Nighttime lighting of the Pont Marie.
|Carries||Motor vehicles, pedestrians, and bicycles|
|Official name||Pont Marie|
|Next upstream||Pont Sully|
|Next downstream||Pont Louis-Philippe|
|Total length||92 m (302 ft)|
|Width||22 m (72 ft)|
|Designer||Rémy Collin, Jean Delgrange, Christophe Marie|
|Toll||Free both ways|
The bridge links the Île Saint-Louis to the quai de l'Hôtel de Ville and is one of three bridges designed to allow traffic flow between the Île Saint-Louis and the Left and Right banks of Paris. The Pont Marie links the Right Bank and is the counterpart of the Pont de la Tournelle which is built along the same line but serves to connect the Île Saint-Louis with the Left Bank.
The Pont Marie derives its name from the engineer Christophe Marie, who proposed its construction beginning in 1605 in order to augment and assist in the urbanisation of the île Saint-Louis. However the bridge was not actually approved for building by the king until 1614, at which point Louis XIII laid the first stone as part of a formal bridge building ceremony. Following approval, the Pont Marie's construction was spread out over 20 years, from 1614 to 1635. Thus, the bridge is one of the oldest bridges in Paris.

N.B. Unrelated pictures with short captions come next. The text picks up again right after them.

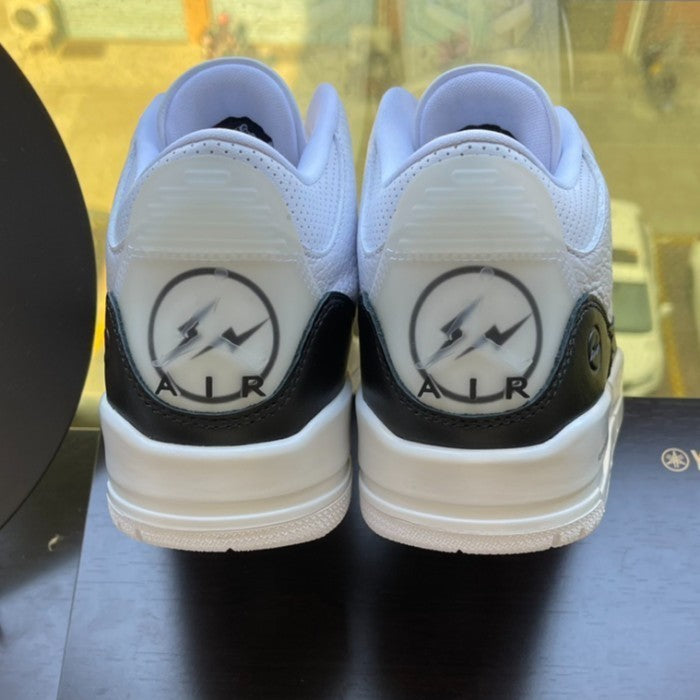 Fragment Design x Air Jordan 3 Retro SP -DA3595-100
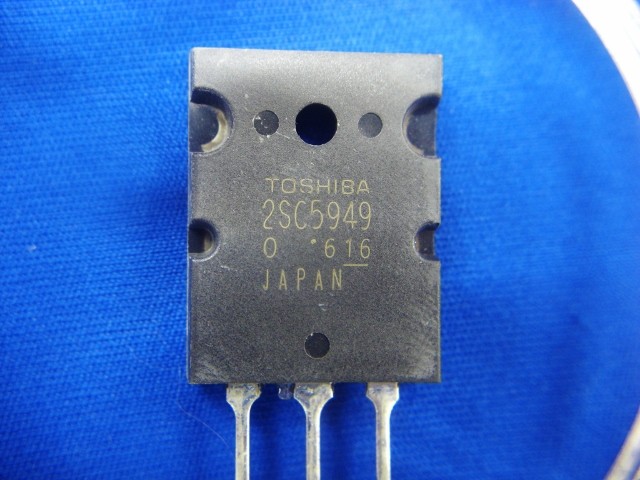 2SA950-Y 東芝 トランジスター低出力アンプ用 A950 200個 トランジスター 2SA950-Y: 半導体 秋月電子通商-電子部品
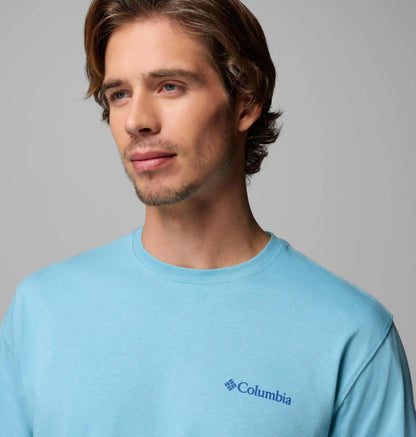 Men's Thesen Flag CSC Short Sleeve T-Shirt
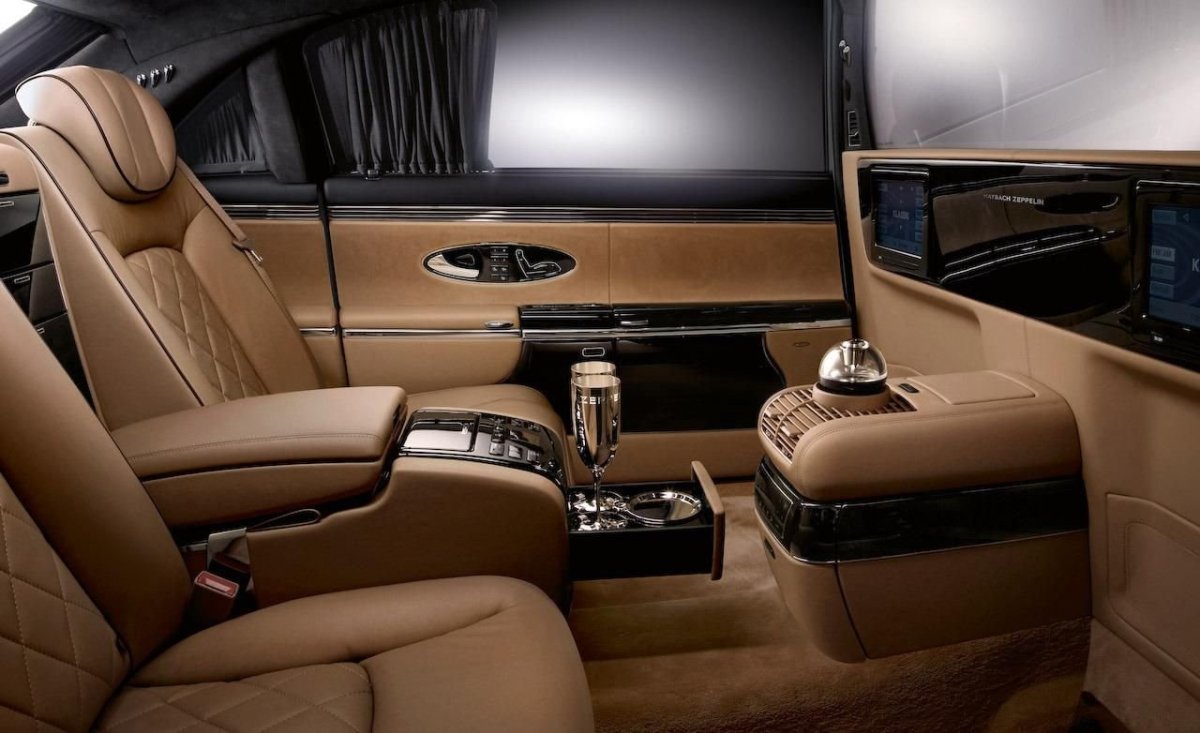 Майбах 62 Цеппелин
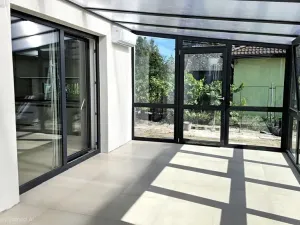 Pronájem rodinného domu, Káraný, Masarykova, 84 m2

In 1635 the bridge was opened to circulation. Following its construction, there were proposals to build houses along the bridge's span. These proposals were countered by Christophe Marie, however approximately fifty were built regardless by carpenter Claude Dublet.
On March 1, 1658 a flood occurred, which caused the destruction of twenty houses that were built atop the structure and the deaths of about sixty people as well as the loss of two arches near to the île Saint-Louis side of the bridge. In 1660 a wooden bridge was rebuilt on the same spot, this time with a toll-booth which was designed to raise funds for the complete, stone renovation of the structure. This reconstruction was completed in 1670. In 1740, the remainder of the buildings atop the Pont Marie were removed and in 1769 all building atop the bridge was forbidden. In 1788, houses were barred from construction atop bridges throughout the city.
Since the 18th century, the structure has seen little change aside from the flattening of its rise which did not alter the appearance.
It is interesting to note each of the five arches of the Pont Marie is unique and that the niches in the abutments have never been filled with statues.
Some years ago, excursion boat companies operating in Paris began to claim that the Pont Marie is a "lovers' bridge" beneath which it is an "old tradition" to kiss the person next to oneself and make a wish (several variants on this theme exist). However, there is no historical basis for such a "tradition," even though it is now repeated without verification in an increasing number of tourist guides.